Formulating Quantum Theory as a Causally Neutral Theory of Bayesian Inference

          @misc{ scivideos_PIRSA:11110114,
            doi = {10.48660/11110114},
            url = {https://pirsa.org/11110114},
            author = {Spekkens, Robert},
            keywords = {Quantum Foundations},
            language = {en},
            title = {Formulating Quantum Theory as a Causally Neutral Theory of Bayesian Inference},
            publisher = {Perimeter Institute for Theoretical Physics},
            year = {2011},
            month = {nov},
            note = {PIRSA:11110114 see, \url{https://scivideos.org/pirsa/11110114}}
          }
          

Abstract

Quantum theory can be thought of as a noncommutative generalization of Bayesian probability theory, but for the analogy to be convincing, it should be possible to describe inferences among quantum systems in a manner that is independent of the causal relationship between those systems.

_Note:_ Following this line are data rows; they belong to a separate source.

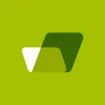 Logo for Contajá Contabilidade Online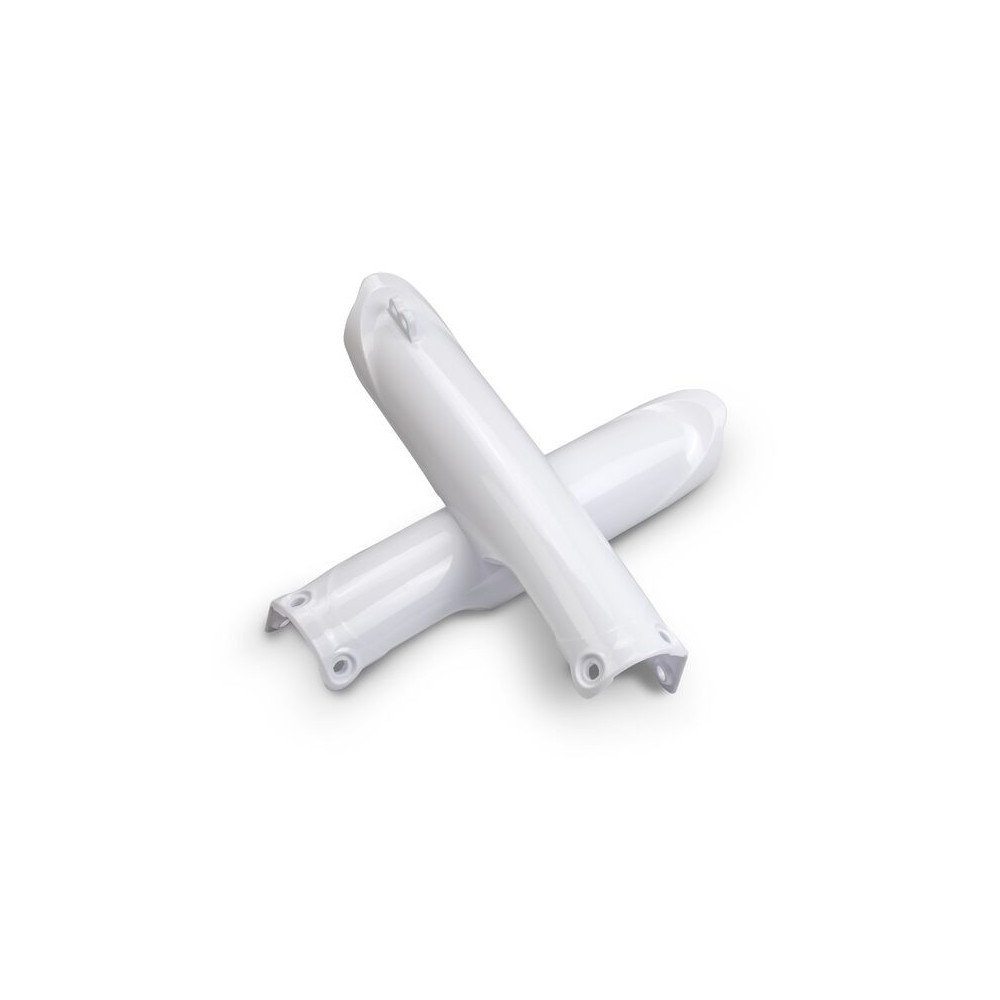 Protections de fourche UFO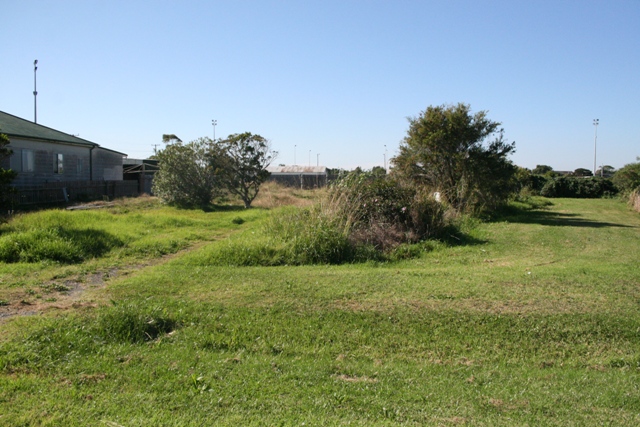VACANT LAND Picture 2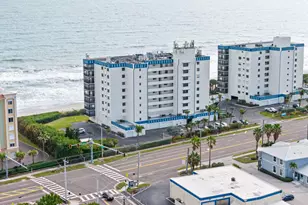 1125 Hwy A1A, Satellite Beach, FL 32937 - Photo 3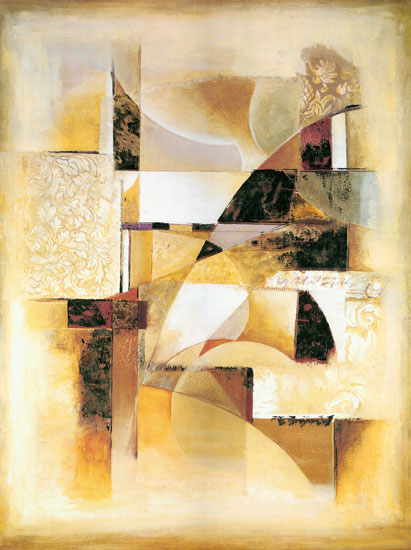 Compatible Abstrakt Jahrriesnge  for untitle-lpf02754 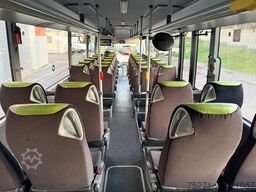 SETRA S 415 UL, Klima,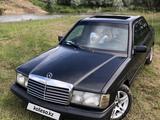 Mercedes-Benz 190 1991 года за 1 400 000 тг. в Алматы – фото 2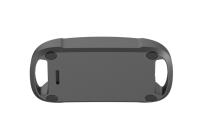 Collier de localisation GPS pour animaux de compagnie Bela - Traceur GPS pour chats et chiens - Prise en charge multi-pays - Bandes de fréquences multiples - Couverture du signal ultra-forte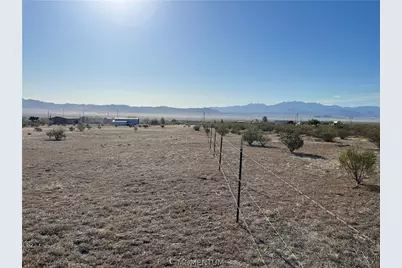 306-53-128 Unkar Drive, Golden Valley, AZ 86413 - Photo 14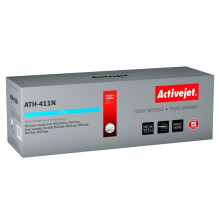 Activejet ATH-411N Toner...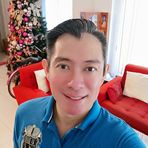 Bryan Go - Facebook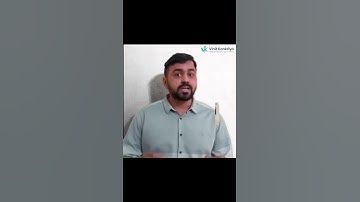 Quiz Time with Vinit Kankriya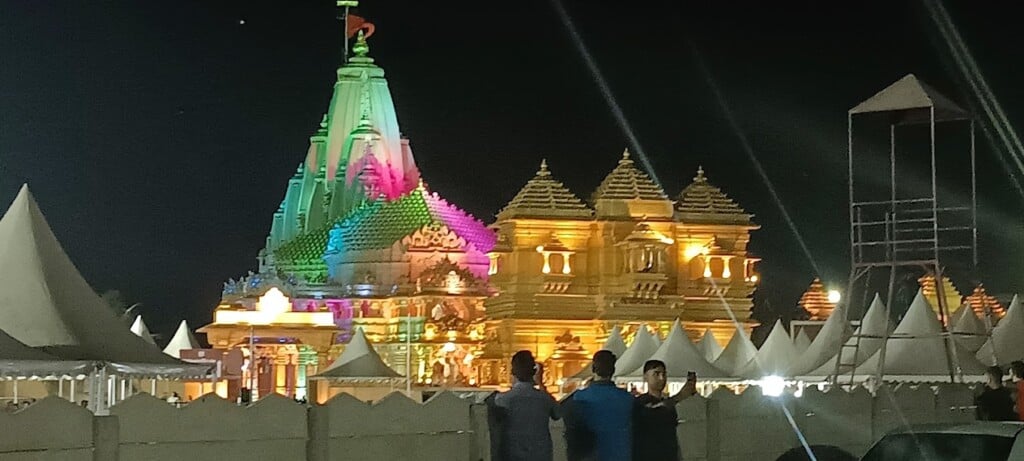 Sri Murugan Travel Agency - 2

In particular, it should be possible to unify the treatment of two kinds of inferences: (i) from beliefs about one system to beliefs about another, for instance, in the Einstein-Podolsky-Rosen or "quantum steering" phenomenon, and (ii) from beliefs about a system at one time to beliefs about that same system at another time, for instance, in predictions or retrodictions about a system undergoing dynamical evolution or undergoing a measurement. I will present a formalism that achieves such a unification by making use of "conditional quantum states", a noncommutative generalization of conditional probabilities. I argue for causal neutrality by drawing a comparison with a classical statistical theory with an epistemic restriction. (Joint work with Matthew Leifer).